In pursuit of the ongoing and heated debate in The Sunday Star, following the letter published to Dear Thelma, I decided to take a peek into the issue as well; however from my own perspective and not in any way related to the story as posted by the original author.
So, in this context, it revolves more on the secret affairs between the older men and young women. Hmmm...may I make a correction to the statement; married older men :p
And, you may wonder, what's with all this fuss over the issue since it is no longer a new trend following the multiple wives trend during our ancestors' time and yeah, you read that right, multiple wives...
Dating back to ancient history, in most countries, such as China, India, and even Europe, the rulers of the country wedded many wives; but in all, there is only one legal wife; the first to be wedded will always be recognized, in the eyes of the public, the legal and rightful wife.
This applies to the commoners as well; and in ancient China, there is also a policy which may differ from the aforementioned practice; whereby the first wife may not necessarily be the legal wife. The women are ranked by their reproductive ability; whereby the first wife to bear a child; to be more specific, a son; the heir to the family will be automatically bestowed the title of the first wife. This also gave birth to the idealisme of the importance of the male gender over the female gender whereby some women would go to the extent of killing or exchanging their babies if they were born girls. Sad, but true.
In fact, even today, some are still doing the same thing in order to protect their position in their husbands' and in-laws' eyes.
Now, back to the original issue; older men with younger girls huh?
Hmmmm....somehow, we often hear of married men having affairs out of their marriages; be it with younger girls or women their age. Point is, extra marital affairs are no longer new in the contemporary world. What happened to the marital vows which they swore by during the wedding ceremony? Are they just reading it for the sake of reading it in order to complete the ceremony? What is the meaning of matrimony anymore? Isn't it supposed to be a solemn and sacred affair between two people in love? Or love is not an important element in the marriage anymore?

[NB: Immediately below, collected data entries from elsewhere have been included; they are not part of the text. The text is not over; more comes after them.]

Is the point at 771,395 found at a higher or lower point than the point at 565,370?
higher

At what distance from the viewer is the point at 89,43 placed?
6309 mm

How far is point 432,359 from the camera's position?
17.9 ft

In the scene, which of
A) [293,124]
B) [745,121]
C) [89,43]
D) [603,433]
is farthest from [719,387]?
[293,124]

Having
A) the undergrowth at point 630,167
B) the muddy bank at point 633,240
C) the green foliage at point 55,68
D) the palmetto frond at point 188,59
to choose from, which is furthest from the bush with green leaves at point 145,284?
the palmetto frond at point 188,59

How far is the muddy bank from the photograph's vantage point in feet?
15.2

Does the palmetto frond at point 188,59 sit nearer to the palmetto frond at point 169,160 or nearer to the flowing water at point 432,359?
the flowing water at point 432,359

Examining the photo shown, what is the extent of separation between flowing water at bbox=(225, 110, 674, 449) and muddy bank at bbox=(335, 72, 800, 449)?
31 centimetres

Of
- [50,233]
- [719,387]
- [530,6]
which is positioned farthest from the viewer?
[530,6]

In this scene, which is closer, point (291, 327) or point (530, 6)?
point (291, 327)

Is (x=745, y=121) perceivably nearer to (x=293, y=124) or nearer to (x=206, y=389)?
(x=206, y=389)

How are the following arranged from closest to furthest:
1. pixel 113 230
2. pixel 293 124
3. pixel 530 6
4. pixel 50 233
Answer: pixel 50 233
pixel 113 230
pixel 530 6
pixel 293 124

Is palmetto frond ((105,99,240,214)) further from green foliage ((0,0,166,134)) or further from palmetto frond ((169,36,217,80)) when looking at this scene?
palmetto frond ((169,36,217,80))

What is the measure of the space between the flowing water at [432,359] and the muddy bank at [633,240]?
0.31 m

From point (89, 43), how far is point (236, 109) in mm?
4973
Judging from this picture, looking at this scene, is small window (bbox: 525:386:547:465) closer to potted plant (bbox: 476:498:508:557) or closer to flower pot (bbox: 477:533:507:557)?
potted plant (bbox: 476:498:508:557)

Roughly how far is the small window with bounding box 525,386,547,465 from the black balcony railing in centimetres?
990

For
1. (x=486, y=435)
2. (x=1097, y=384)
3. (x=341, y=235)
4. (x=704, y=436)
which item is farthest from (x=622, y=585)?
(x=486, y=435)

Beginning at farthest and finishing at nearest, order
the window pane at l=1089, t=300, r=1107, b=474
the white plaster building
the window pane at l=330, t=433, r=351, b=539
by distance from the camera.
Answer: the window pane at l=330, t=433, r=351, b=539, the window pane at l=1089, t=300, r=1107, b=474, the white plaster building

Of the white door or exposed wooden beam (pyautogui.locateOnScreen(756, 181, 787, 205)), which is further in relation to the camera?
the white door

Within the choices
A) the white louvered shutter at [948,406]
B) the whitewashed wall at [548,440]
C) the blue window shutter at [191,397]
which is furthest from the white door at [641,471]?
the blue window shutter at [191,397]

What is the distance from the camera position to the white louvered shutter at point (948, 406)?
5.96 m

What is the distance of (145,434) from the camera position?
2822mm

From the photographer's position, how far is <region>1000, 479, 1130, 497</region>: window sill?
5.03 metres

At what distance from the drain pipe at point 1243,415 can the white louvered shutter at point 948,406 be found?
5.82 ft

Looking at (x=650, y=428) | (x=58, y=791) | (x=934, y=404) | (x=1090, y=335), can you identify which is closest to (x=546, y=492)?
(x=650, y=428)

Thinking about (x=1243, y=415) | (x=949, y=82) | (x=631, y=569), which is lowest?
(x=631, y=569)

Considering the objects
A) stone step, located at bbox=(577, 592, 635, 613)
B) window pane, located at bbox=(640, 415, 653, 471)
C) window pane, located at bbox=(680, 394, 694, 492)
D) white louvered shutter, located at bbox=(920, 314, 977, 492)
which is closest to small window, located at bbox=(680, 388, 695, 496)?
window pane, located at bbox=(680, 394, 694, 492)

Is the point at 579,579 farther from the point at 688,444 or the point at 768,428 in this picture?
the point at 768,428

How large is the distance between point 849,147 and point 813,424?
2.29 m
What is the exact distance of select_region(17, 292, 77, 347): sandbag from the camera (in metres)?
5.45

It is sad how fragile this can be; how women are neglected as they get older and their husbands start to venture beyond the marriage borders to seek for excitement. Their once beautiful and young wives who have now aged after delivering their "heirs" and "heiresses", haggard and tired looking everyday due to the mountaineous household chores they have to do, and also their once fair and smooth skin and hair, now looking shaggy and dirty due to the washing and cooking they have to do.....are now abandoned because of the states they have gotten themselves into. They secretly felt disgusted (I think openly, for some of them), with the physical states of their wives and felt ashamed if they were to be seen in public with them, whom they called wives.

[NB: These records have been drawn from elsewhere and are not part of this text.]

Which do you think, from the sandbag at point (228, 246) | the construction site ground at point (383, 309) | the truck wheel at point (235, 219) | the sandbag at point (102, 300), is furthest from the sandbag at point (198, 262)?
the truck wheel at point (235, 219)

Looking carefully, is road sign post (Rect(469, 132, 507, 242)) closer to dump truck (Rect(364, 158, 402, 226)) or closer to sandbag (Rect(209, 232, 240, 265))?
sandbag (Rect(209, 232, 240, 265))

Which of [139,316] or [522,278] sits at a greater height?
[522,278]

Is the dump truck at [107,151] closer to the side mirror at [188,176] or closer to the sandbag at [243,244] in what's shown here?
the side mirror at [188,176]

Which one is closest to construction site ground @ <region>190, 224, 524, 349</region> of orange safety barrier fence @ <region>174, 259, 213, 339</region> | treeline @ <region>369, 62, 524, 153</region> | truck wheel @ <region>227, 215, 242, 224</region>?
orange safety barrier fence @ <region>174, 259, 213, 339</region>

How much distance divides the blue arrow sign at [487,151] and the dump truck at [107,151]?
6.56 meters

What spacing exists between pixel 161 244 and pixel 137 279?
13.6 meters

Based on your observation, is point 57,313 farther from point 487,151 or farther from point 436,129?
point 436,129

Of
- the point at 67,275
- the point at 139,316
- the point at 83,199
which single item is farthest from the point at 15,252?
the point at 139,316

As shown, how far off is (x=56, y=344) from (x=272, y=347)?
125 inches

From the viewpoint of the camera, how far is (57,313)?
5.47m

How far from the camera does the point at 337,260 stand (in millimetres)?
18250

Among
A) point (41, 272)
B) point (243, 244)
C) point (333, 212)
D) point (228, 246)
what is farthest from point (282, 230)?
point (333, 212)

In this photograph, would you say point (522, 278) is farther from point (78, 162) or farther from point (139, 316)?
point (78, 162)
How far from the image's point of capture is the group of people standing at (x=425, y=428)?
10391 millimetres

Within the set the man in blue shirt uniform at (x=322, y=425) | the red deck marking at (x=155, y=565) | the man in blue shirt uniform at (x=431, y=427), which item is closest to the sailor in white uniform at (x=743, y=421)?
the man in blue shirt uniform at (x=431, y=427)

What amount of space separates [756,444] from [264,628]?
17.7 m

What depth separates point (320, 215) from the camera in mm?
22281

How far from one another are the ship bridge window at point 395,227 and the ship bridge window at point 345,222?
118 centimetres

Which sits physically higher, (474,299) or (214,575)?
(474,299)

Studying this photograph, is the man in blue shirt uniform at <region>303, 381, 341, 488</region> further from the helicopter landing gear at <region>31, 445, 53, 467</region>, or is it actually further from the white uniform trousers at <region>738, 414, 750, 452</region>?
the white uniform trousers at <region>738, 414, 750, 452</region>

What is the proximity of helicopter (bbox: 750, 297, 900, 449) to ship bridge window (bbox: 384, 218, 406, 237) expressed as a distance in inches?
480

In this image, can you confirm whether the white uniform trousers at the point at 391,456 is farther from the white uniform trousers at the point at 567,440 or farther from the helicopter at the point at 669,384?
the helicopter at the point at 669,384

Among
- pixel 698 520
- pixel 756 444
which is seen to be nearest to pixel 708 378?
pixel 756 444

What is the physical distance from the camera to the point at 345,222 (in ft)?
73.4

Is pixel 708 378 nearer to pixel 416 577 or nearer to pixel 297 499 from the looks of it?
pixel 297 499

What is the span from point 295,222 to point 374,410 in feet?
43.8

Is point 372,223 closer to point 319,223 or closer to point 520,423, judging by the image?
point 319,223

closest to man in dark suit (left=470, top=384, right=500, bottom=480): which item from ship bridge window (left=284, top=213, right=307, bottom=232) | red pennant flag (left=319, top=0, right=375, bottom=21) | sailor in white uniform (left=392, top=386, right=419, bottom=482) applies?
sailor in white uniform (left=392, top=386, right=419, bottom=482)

Furthermore, they get bored looking at the same faces and also the lack of lustre and shine in their once adorable appearances. Thus, they start to pay attention, or some allegedly claimed that they admired the young and chirpy young ladies around them who are keeping up with the trend; with a physical stature of a model, silky long hair, innocent looks, cute giggles, attractive eyes and a great sense in fashion. Then they start flirting and slowly, the betrayal of the marriage vows commence as these men stumbled upon the extra marital affairs with these "other" women.

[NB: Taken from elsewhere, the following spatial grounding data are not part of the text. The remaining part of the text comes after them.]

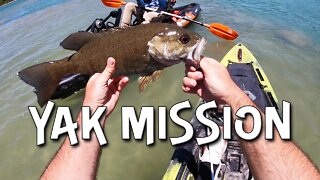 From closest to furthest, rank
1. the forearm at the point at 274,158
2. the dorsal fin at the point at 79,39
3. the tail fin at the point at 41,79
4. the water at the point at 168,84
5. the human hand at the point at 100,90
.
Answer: the forearm at the point at 274,158 → the human hand at the point at 100,90 → the dorsal fin at the point at 79,39 → the tail fin at the point at 41,79 → the water at the point at 168,84

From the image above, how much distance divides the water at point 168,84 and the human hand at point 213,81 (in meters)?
3.09

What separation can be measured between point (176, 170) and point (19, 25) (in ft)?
57.4

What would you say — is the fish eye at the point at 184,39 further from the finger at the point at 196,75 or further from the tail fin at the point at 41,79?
the tail fin at the point at 41,79

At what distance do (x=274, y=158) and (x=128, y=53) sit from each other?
1358mm

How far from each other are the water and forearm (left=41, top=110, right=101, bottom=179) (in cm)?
296

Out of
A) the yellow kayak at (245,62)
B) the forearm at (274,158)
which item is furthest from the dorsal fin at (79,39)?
the yellow kayak at (245,62)

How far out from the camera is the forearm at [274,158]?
2.38m

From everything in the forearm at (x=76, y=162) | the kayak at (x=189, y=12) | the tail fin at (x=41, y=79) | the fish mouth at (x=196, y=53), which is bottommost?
the kayak at (x=189, y=12)

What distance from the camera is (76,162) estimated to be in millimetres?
2588

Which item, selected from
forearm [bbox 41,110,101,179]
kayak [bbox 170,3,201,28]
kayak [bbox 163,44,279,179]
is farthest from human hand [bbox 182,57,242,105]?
kayak [bbox 170,3,201,28]

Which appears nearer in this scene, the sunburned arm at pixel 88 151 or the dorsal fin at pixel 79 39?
the sunburned arm at pixel 88 151

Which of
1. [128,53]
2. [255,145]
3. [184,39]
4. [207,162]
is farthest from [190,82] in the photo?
[207,162]

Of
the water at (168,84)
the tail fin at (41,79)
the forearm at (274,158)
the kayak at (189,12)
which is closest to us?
the forearm at (274,158)

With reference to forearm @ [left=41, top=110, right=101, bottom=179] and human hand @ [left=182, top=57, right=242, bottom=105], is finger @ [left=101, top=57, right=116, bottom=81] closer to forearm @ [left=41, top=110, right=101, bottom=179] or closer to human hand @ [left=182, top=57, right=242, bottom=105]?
forearm @ [left=41, top=110, right=101, bottom=179] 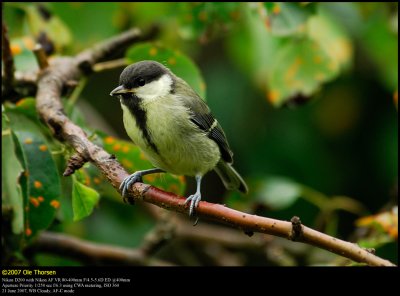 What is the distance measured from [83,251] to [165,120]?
95 cm

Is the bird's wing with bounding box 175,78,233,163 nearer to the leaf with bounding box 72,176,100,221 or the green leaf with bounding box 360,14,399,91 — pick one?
the leaf with bounding box 72,176,100,221

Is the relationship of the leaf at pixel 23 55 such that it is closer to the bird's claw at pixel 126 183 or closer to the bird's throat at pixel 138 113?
the bird's throat at pixel 138 113

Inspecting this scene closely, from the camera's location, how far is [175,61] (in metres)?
2.49

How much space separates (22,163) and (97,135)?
0.30 m

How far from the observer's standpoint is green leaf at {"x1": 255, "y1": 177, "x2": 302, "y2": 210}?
293 cm

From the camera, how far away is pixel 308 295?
1.92 m

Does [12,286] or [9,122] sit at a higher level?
[9,122]

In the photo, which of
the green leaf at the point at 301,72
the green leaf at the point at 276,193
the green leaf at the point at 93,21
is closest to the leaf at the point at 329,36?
the green leaf at the point at 301,72

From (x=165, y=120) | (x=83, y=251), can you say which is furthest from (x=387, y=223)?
(x=83, y=251)

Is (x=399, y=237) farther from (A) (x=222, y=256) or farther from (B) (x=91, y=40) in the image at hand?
(B) (x=91, y=40)

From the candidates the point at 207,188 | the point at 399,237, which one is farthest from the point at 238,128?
the point at 399,237

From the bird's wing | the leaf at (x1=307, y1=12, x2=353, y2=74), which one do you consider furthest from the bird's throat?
the leaf at (x1=307, y1=12, x2=353, y2=74)

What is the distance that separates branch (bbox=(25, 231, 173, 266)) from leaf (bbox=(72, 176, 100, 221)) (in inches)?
35.5

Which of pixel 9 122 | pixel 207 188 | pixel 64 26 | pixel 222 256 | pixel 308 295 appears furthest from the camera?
pixel 207 188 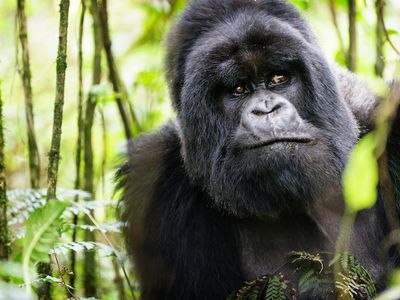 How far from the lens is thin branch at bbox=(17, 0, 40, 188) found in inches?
149

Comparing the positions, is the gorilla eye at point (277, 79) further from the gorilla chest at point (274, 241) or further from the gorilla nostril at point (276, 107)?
the gorilla chest at point (274, 241)

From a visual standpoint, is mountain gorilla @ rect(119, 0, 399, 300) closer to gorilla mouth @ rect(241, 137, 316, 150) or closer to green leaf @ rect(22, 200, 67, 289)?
gorilla mouth @ rect(241, 137, 316, 150)

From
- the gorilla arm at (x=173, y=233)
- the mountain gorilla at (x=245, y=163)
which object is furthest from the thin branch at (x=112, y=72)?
the mountain gorilla at (x=245, y=163)

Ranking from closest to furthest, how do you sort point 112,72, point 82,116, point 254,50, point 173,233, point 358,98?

Now, I am not saying these based on my own judgement; in fact the reasons I have listed up there were given by the men in a study conducted. That justifies the reason why older men prefer younger women.
On the contrary, it is a question as to why the younger girls would engage themselves with these older and furthermore, married men when they can have any men down to their knees given their physical appearance.
Well, there are also reasons to the justification; of the most popular would be wealth and society status. Most of the older men who can afford to have extra marital affairs are usually reputable and sought after in the corporate world. Otherwise, they would not have the luxury to buy gifts lavishly for these unknowing and naive young girls.
Also, there is a sense of security among the young women to hang out with these older men due to the maturity level. In fact, it is undeniable that older men tend to be more attentive and caring towards their partners, especially if their partners are younger(this is due to their insecurity though, the other way round :p ).
Thus, the women felt they were truly cared for and loved based on the attention showered upon them. Hence, most of the women usually opt for partners older than them; although the trend today also portrayed otherwise.
Another reason would be the old word, LOVE. Yes, no discrimination allowed, it is not such a surprising thing and yet nobody believe the simple meaning of this word. I do not see any problem with young women falling in love with older men; even if they were married. After all, this is love and nobody can tell whether it's right or wrong, I think I've posted before this on love, whereby you do not go looking for love but it will naturally find you. Therefore, given all the attention and love by these older men, it is no surprise that the young women who are still naive and vulnerable to their charms fall into the circle of love. (Tempted to say trap, but then, no discrimination:P )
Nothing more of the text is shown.